My work knife is VG10 and I'm not experienced with other steels so most of the talk I read has little meaning that I can actually apply to my learning. Can you elaborate on why you don't like sharpening VG10? Also, I'm quite interested in how you feel about popular brands that you do not carry.


----------



## JBroida (Aug 25, 2012)

vg10 always feels sandy/gritty and is more difficult to deburr and sharpen than what you get from the results for that effort.

as for brands i dont carry, i used to talk more freely about this, but i kind of feel like it reflects poorly on not only me but also my competitors and other knife makers. I carry a lot of brands i like, i designed a lot of lines we carry, and there are good knives out there i dont carry too. Outside of that, if you're interested in speaking with me more about this, give me a call at the store one day.


----------



## Tatsuya (Aug 29, 2012)

JBroida said:


> vg10 always feels sandy/gritty and is more difficult to deburr and sharpen than what you get from the results for that effort.
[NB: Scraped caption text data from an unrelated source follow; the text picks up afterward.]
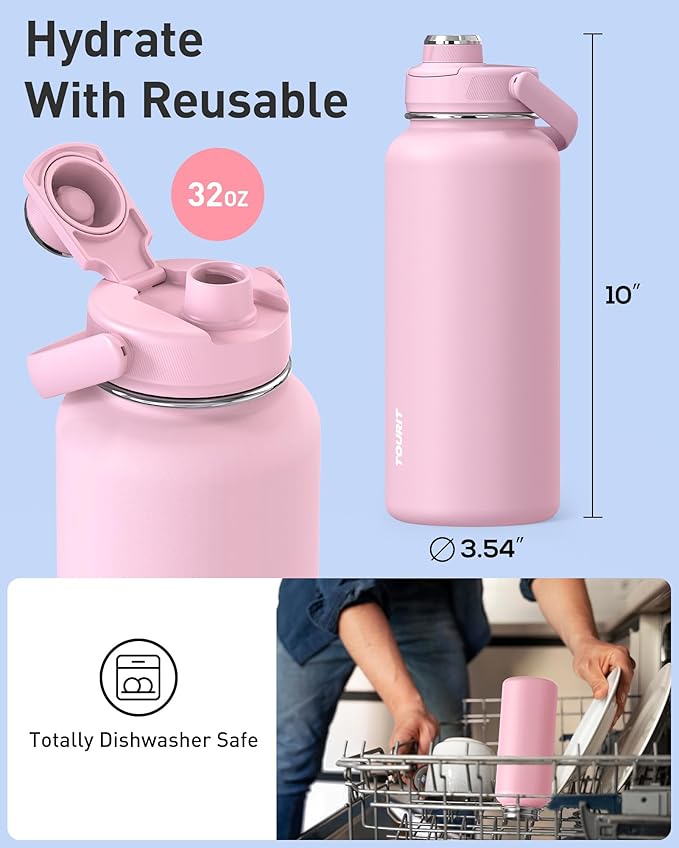 TOURIT 32 oz Insulated Water Bottle, Stainless Steel Sports Water Bottles - Image 8
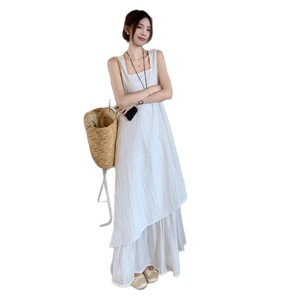 Irregular Suspender Dress Women Long Sleeveless Asymmetric Splicing Leisure Holiday Celebration Casual Dress - Product Image 5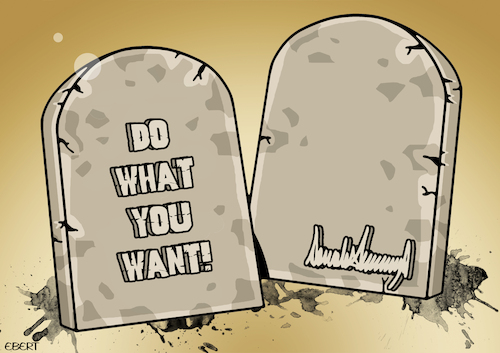 Cartoon: The commandments of Trump (medium) by Enrico Bertuccioli tagged trump,donaldtrump,religion,evangelicals,evangelicalchurch,commandments,tencommandments,religiousextremism,christianity,statereligion,blasphemy,religiousdrift,mystical,mysticaldrift,usa,unitedstates,usgovernment,political,politicalcartoon,politicalcartoons,editorialcartoon,editorialcartoons,trump,donaldtrump,religion,evangelicals,evangelicalchurch,commandments,tencommandments,religiousextremism,christianity,statereligion,blasphemy,religiousdrift,mystical,mysticaldrift,usa,unitedstates,usgovernment,political,politicalcartoon,politicalcartoons,editorialcartoon,editorialcartoons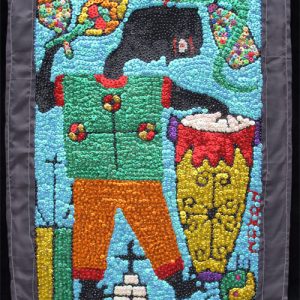 Houngan with Drum Vodou Flag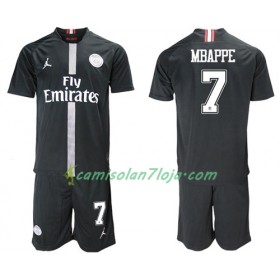 Camisola Paris Saint-Germain Mbappe 7 Jodan Preto Criança 3º Equipamento 2018/19 Manga Curta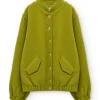 Chaqueta bomber verde pistacho de lana virgen - Imagen 5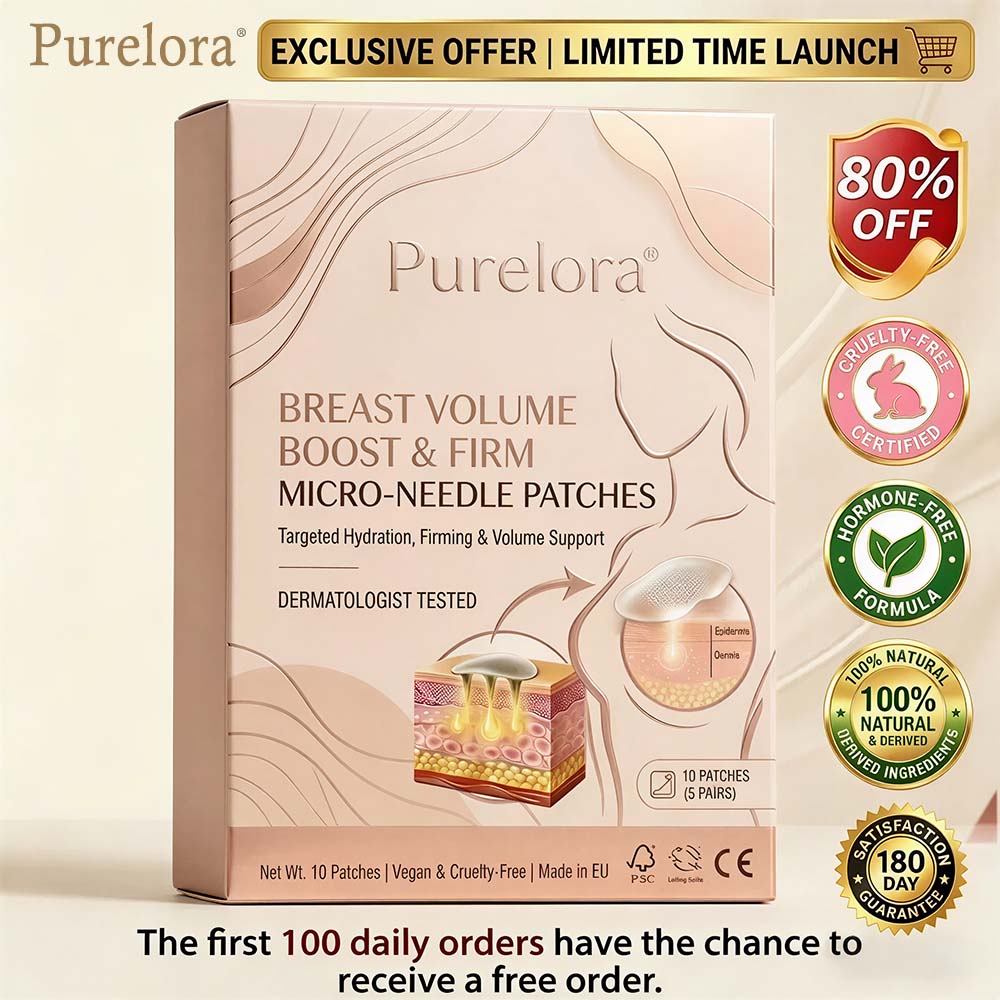 Purelora® breast microneedle patch designed to support firmness and fullness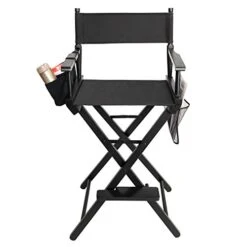 Mefeir 31" Tall Folding Directors Artist Makeup Chair,250lbs Capacity With Replacement Cover, Portable Storage Side Bags,Solid Hardwood & Polyester,Black -Home Table Chair Store 412RLAAvaBL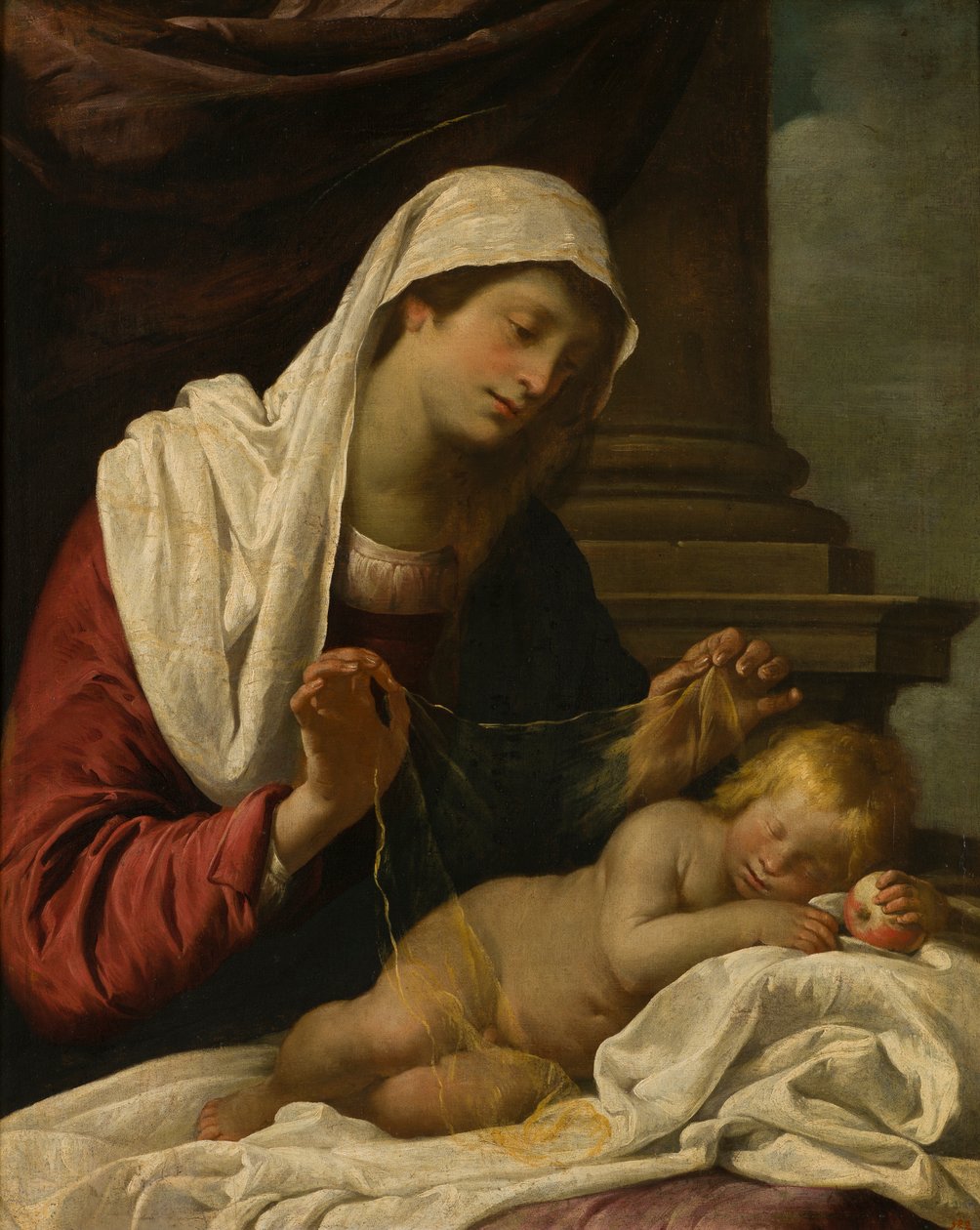 Madonna nukkuvan lapsen kanssa, n. 1618-69 (öljy kankaalle) tekijältä Giovanni Andrea di (attr. to) Ferrari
I can't say I've ever really enjoyed sharpening my VG10 knives. I recently picked up a Tojiro shirogami petty as a cheap intro to W#2 and not only is it a lot easier to sharpen, it's FUN! It just feels better. That's kind of why I have this sudden renewed interest in carbon knives.


> as for brands i dont carry, i used to talk more freely about this, but i kind of feel like it reflects poorly on not only me but also my competitors and other knife makers. I carry a lot of brands i like, i designed a lot of lines we carry, and there are good knives out there i dont carry too. Outside of that, if you're interested in speaking with me more about this, give me a call at the store one day.


Alright, I can respect that. However, I initially came here looking for Suisin Inox Western, so I am interested in your take on this steel. Also, if it doesn't interfere with your stance on outside lines, can you compare it to another molybdenum stainless like Sakai Takayuki Inox? The reason I single out Sakai Takayuki is that my boss swears by it, but that doesn't make me inclined to run out and buy one. If you'd rather not comment, that's cool too, or you can PM me!


----------



## JBroida (Aug 29, 2012)

actually, it would be a lot easier to just talk over the phone... want to give me a call at the store one of these days?


----------



## Tatsuya (Aug 29, 2012)

One of these days I shall! I just don't want to waste your time without dropping some cash and I don't NEED a new knife at the moment.


----------



## JBroida (Aug 29, 2012)

its not a waste of my time at all... i love talking about this stuff


----------



## Tatsuya (Aug 30, 2012)

I understand that, but it's somewhat trivializing to me. I don't think you realize that I wouldn't be here if it weren't for your business and willingness to teach. Becoming a (repeat) customer is essentially a debt of gratitude that will inevitably be fulfilled. Make of that what you want but it's important to me.


----------



## JBroida (Aug 30, 2012)

seriously, dont think too much of it. Just give a call when you have questions.


----------



## Tatsuya (Aug 31, 2012)

I may call you next week or the following, pending a paycheck and tips. No promises. 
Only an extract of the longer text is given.